-- Items from a dataset --

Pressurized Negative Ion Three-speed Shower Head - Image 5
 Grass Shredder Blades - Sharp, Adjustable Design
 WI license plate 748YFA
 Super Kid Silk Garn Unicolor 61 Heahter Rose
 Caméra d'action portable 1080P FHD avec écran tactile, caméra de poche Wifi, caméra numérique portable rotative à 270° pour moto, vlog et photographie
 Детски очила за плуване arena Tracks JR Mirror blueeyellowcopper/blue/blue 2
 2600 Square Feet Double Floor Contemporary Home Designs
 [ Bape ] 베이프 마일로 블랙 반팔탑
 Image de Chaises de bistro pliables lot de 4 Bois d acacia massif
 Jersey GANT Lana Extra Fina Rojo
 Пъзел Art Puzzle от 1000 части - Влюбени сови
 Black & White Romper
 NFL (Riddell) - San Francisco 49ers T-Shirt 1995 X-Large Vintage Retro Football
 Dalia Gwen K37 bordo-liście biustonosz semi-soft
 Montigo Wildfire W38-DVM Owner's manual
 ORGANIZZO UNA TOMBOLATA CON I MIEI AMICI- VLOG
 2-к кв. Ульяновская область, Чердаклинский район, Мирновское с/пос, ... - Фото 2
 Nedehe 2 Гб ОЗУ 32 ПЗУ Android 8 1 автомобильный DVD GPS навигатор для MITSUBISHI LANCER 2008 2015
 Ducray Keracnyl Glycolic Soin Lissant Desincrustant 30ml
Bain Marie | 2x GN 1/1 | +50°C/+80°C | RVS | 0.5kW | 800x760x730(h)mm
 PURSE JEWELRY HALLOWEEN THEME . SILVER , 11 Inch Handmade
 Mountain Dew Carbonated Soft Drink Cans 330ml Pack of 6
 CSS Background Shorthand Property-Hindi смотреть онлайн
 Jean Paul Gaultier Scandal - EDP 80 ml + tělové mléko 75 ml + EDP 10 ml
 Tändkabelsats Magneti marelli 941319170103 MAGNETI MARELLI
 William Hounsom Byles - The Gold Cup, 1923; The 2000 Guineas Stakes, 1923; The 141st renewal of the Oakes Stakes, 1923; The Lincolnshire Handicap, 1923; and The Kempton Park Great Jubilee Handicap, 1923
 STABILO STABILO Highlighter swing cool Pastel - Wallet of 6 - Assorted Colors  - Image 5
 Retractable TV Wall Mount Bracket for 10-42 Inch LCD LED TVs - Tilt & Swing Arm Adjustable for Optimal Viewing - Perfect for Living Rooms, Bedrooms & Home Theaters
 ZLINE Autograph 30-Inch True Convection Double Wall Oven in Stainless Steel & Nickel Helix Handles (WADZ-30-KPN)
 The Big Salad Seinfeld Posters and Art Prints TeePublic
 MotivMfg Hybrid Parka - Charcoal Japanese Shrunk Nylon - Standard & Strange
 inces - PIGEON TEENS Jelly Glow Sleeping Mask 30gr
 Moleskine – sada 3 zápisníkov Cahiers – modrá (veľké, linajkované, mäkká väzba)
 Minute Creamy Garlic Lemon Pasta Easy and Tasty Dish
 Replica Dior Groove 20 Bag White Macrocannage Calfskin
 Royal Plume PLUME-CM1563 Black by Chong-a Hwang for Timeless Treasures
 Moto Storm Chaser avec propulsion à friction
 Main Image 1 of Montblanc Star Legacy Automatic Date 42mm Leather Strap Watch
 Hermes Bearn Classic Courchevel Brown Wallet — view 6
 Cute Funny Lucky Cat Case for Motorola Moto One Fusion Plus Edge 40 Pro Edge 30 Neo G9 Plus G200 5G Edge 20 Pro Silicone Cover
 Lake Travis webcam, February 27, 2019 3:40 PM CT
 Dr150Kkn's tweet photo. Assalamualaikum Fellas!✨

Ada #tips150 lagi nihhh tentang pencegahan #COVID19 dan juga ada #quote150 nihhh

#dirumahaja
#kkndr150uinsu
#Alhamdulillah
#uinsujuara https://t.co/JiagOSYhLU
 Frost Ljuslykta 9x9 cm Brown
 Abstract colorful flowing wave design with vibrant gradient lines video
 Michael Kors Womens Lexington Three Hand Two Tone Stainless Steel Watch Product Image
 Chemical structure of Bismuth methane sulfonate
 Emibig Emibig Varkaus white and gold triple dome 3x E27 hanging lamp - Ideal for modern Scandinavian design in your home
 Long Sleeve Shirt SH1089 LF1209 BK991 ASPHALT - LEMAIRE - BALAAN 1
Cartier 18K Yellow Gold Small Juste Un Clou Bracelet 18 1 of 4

-- What is required --
The answer must be every line of the records above that holds the word "Shirt".

-- Finished exercise --
 NFL (Riddell) - San Francisco 49ers T-Shirt 1995 X-Large Vintage Retro Football
 Long Sleeve Shirt SH1089 LF1209 BK991 ASPHALT - LEMAIRE - BALAAN 1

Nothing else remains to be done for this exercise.